I still couldn't go uphill as fast as other runners around me, so I got passed by several people, but it wasn't a surprise nor was it demoralizing. Right at the one-hour mark I reached the woods at the top, sweet! I had seen a figure in white in the field below me and wondered if it might be the same woman from twice earlier. We still had a few miles to go, so I ran the downhills and flats the best I could.
When I stopped to drink my last Spiz, the woman (the same one, indeed) ran by me. I followed on the undulating terrain, and each little hill started getting more difficult. Apparently I had given it all I had left on that last climb! Well, that worked out then. One last water crossing, over a bog in the middle of a field (ugh, finishing with wet shoes again). I caught glimpses of the woman a minute or two ahead of me. I figured either I would catch her on the downhill or I wouldn't, no sense in worrying about it.
The last aid station came into view and I walked right through, ready to finish. The woman was now running with a guy in a red hat, and it felt like I was making up a bit of ground. And then they completely disappeared. The downhill started for real, excellent. I enjoyed the trail through the woods, passing a couple of guys here and there, bombing down the hill trying to "be like Joe" but knowing that I could never descend as well as Coach Prusaitis.
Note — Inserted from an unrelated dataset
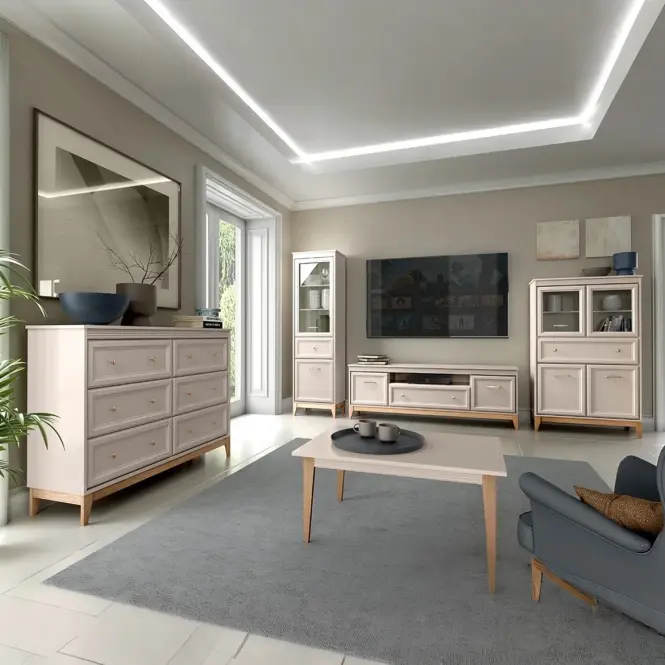 Komoda Windsor 3W 135 kašmír/dub přírodní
The woman was out of sight, so apparently she can run downhill. Great, I can stop thinking about her! The trail dropped down, down, allowing quick glimpses of town here and there. Finally it popped out on the road. I made my way through town, following some walkers and trying to run when I could. I didn't have much motivation to sprint this last section! I had beaten my estimate of "14 to 16 hours", there were no women near me, and I was just ready to get to the finish without killing myself over it.
After a couple of turns, a bridge over the river, and a couple more blocks, there was the finish in the park. Only 13:35 or so, and I was done! It felt great to stretch out on the soft grass in the park. Amazingly, I had beaten my time from the Jemez 50-miler by over an hour, and just about every moment of the day felt easier doing it. This acclimation thing really works.
John started fast and ended up having a few issues, but he finished just fine in a bit over 12 hours. Neither of us is too sore today, but we're both happy to be sitting down :)
Next up: Going to Silverton the long way (via Durango for a couple days), then the start of Hardrock trail marking. Looking forward to more time in the San Juans!